FULLERING AND SWAGING

The Principles of Fullering.

I should like to say a few words about swaging, which will, I think, be of interest to the younger members of our trade if not to the older ones. Suppose, then, that we take a bar of iron, such as B, in Fig. 98, and forge on it a square recess. The bar will get a certain amount longer, and, in the neighborhood of the recess, a certain amount wider also. Just what the amount would be under any given condition is a matter concerning which I am not aware, but it would, doubtless, vary with the shape and size of the bar, and perhaps also with its degree of temperature. I should suppose that the greater the heat the more the metal would spread sideways and the less the bar would elongate, but I may be wrong in this view.

Image

Fig. 98—A Bar in which a Square Recess is being Forged

This is a matter of more importance to blacksmiths than at first sight appears. Suppose, for example, a blacksmith is given a pair of dies to make some drop forgings with; in selecting the best size and shape of bar, the question at once arises as to how much the bar will spread in each direction under the action of the blows.

Image

Fig. 99—A Round Fuller Substitute

To take a specific case, suppose we require to forge in a die some blocks of iron that must measure 15/16 inch by 11/16 inch, and be, say, four inches long, there being enough taper on them to permit their easy extraction from the die; now, what would be the best size of iron to use, and how far should it be placed in the die?

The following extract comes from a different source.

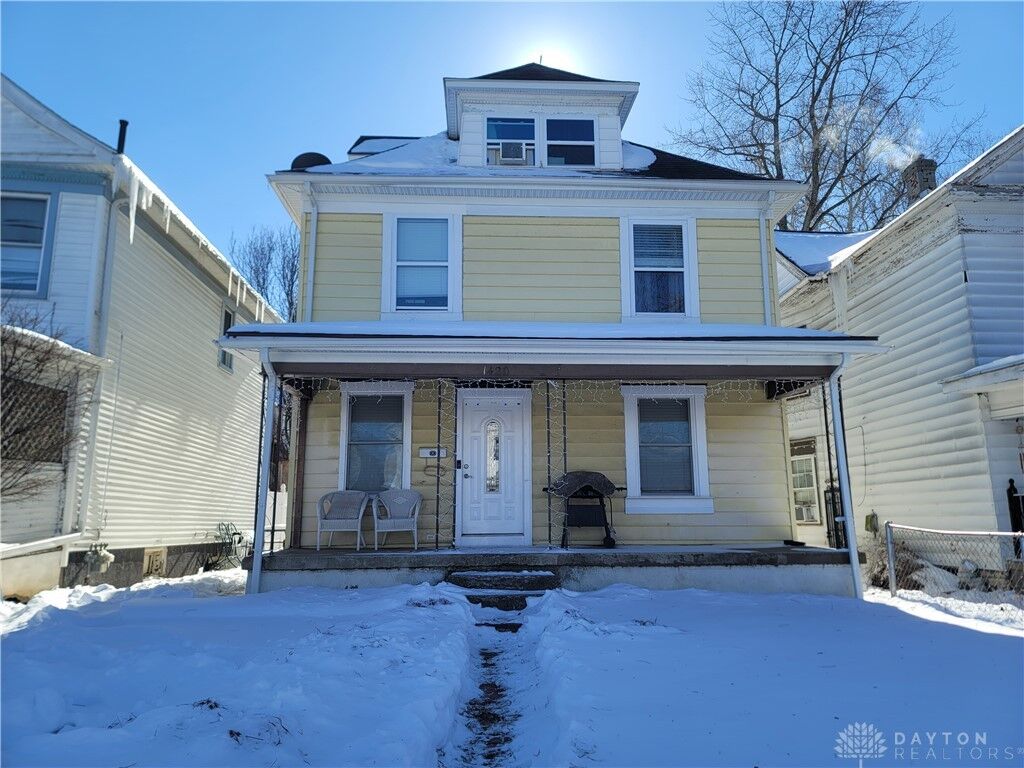 Property Photo:  1420 Wyoming Street  OH 45410 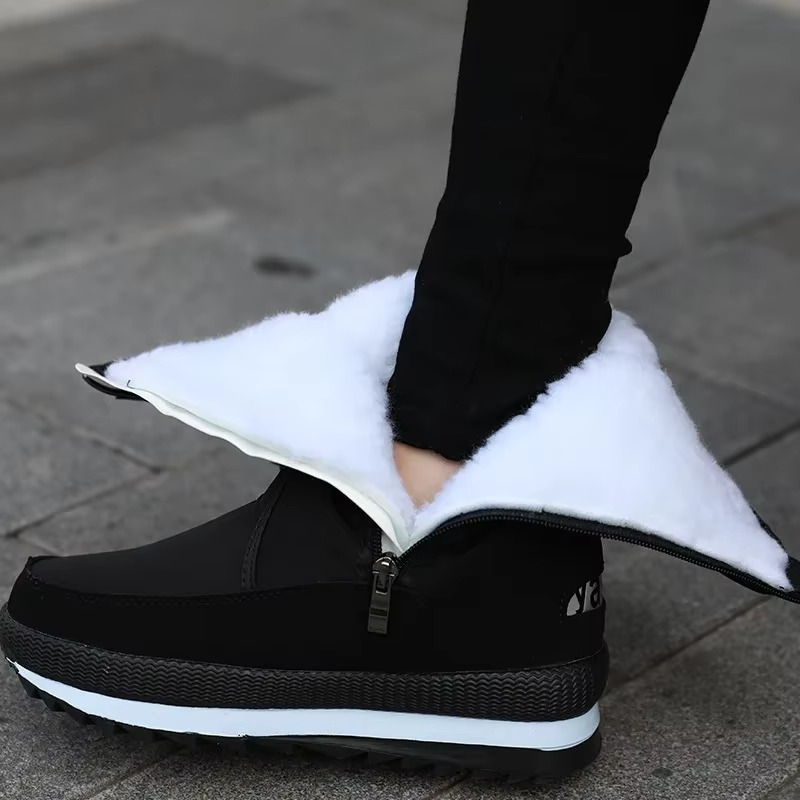 FrostGuard™ — Nie wieder kalte Füße, einfach warm und sicher durch den Winter!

Would it be better to cut off the pieces, lay them in the die, and let the blows spread them out, or to take a bar, place it a certain distance over the die and depend upon the elongation of the bar to fill the die?

One could, of course, make an experiment for any given job, but it seems to me there could be got from experiments a rule upon the spreading of iron under compressive blows that would be of great usefulness.

Image

Fig. 100—Spreading a Bar

If, instead of a square fuller, we take a round one, as in Fig. 99, A and C representing top and bottom fullers, and B the bar, the effect is to increase the elongation of the bar and diminish its spread across the width.

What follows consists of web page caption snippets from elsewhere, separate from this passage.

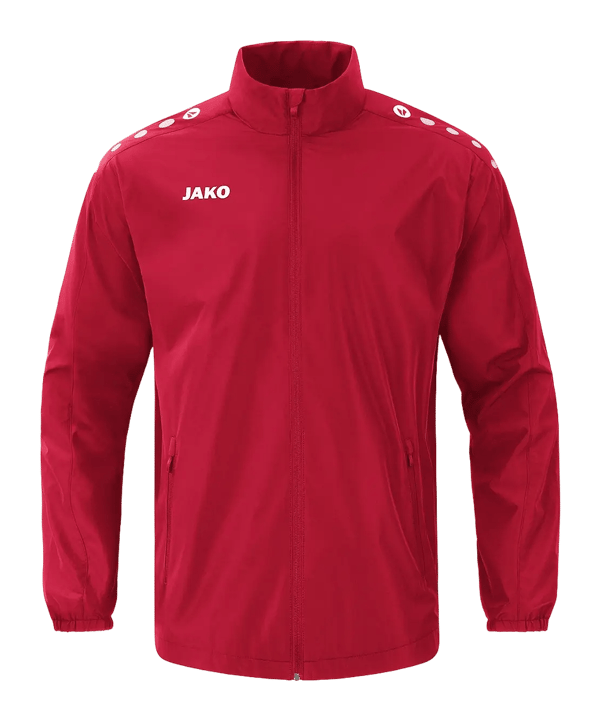JAKO One Jacke Rot F100 - rot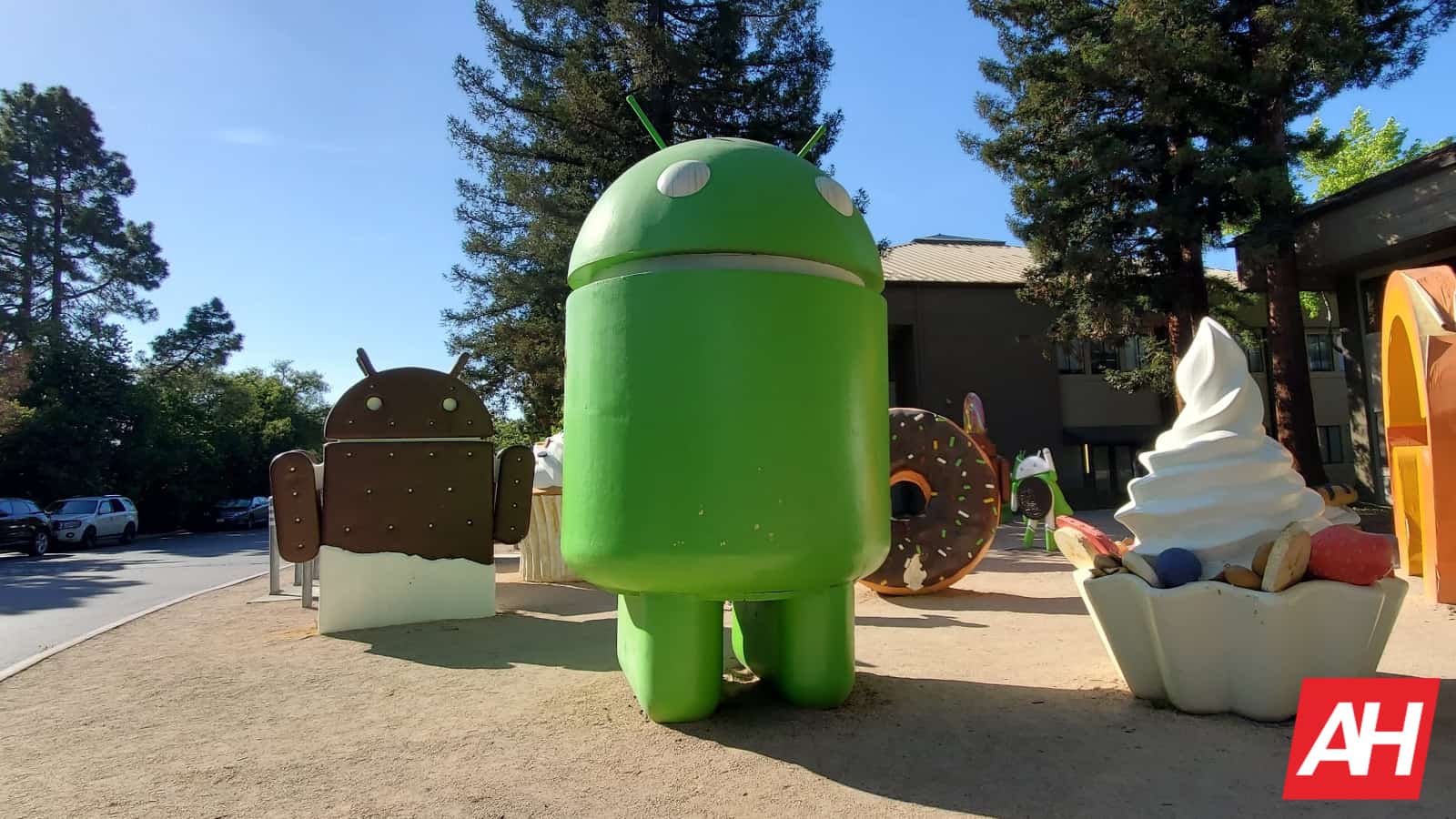 Android 12 может допускать гибернацию неиспользуемых приложений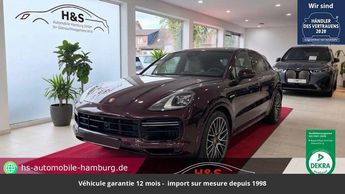 Porsche Cayenne platinum edition allemagne 2023 d'occasion a Paris (75)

If we require to spread the bar as much as possible and increase its width, we turn the fuller around, as in Fig. 100, causing the spreading to occur, as denoted by the dotted lines.

Image

Fig. 101—The end of a Bar to be Forged as shown by the Dotted Lines

Suppose it were required to forge the end of the bar in Fig. 101 to the shape denoted by the dotted lines, the first operation would be to fuller, as at A, Fig. 102. Then the fuller would be applied as in Fig. 103, being slanted, as shown, to drive the metal outwards, as denoted by the arrows.

Image

Fig. 102—The First Operation

Thus the fuller is shown to require considerable judgment in its use, and to be one of the most useful blacksmith tools.

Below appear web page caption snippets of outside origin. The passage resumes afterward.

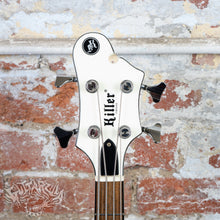 Load image into Gallery viewer, Killer KB-Simmony 2009 Snow White MIJ Japan ESP
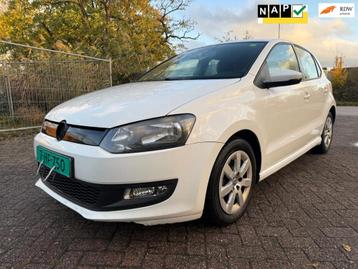 Volkswagen Polo 1.2 TDI BlueMotion Comfort Edition beschikbaar voor biedingen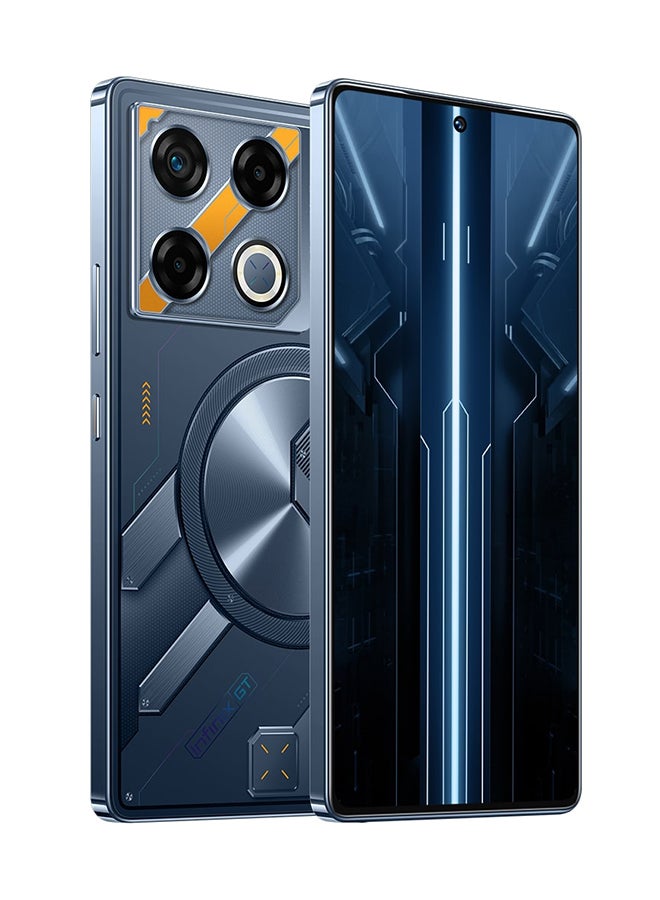 Infinix GT20 Pro Dual SIM Mecha Orange 12+12GB RAM 256GB 5G - Middle East Version - Image 4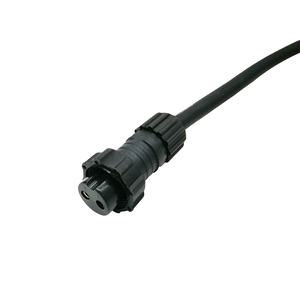 Cable de alimentación de carrete eléctrico, Conector de aviación GX16, 2 pines, hembra a Cocodrilo, para Daiwa fishing Reel <span class=keywords><strong>Shimano</strong></span> - Product Image 6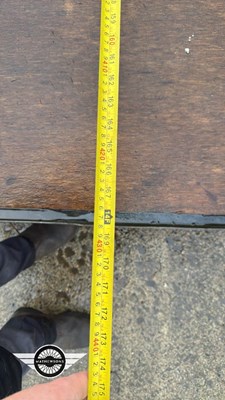 Lot 60 - IFOR WILLIAMS BEAVERTAIL TRAILER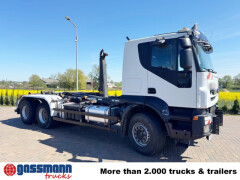 Iveco Trakker AT380T45/P 6x4, EEV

If we were to follow the plan of the scientific men, we could very easily claim that a flatter is simply a fuller, on the ground (as the scientists state with reference to gear wheels and racks) that if we suppose the radius of a fuller curve to be infinite in length, then a portion of its circumference may be represented by a straight line; hence, a flatter becomes a fuller whose radius is of infinite length.—By R. J.

Image

Fig. 103—The Fuller Applied to drive the Metal Outward

About Swages.

The old method of forging a swage was to take a piece of the best quality band iron and roll it up to make the body of the swage, and then weld a face of shear or double shear steel on it, the finished tool appearing as in Fig. 1031/2. This forms a good and durable tool, possessing two advantages: First, that a chisel-rod can be used as a handle, instead of requiring to have an eye punched and a trimmed or turned handle; and secondly, that when the head is worn down a new one can readily be welded on, and the tool need not be thrown away.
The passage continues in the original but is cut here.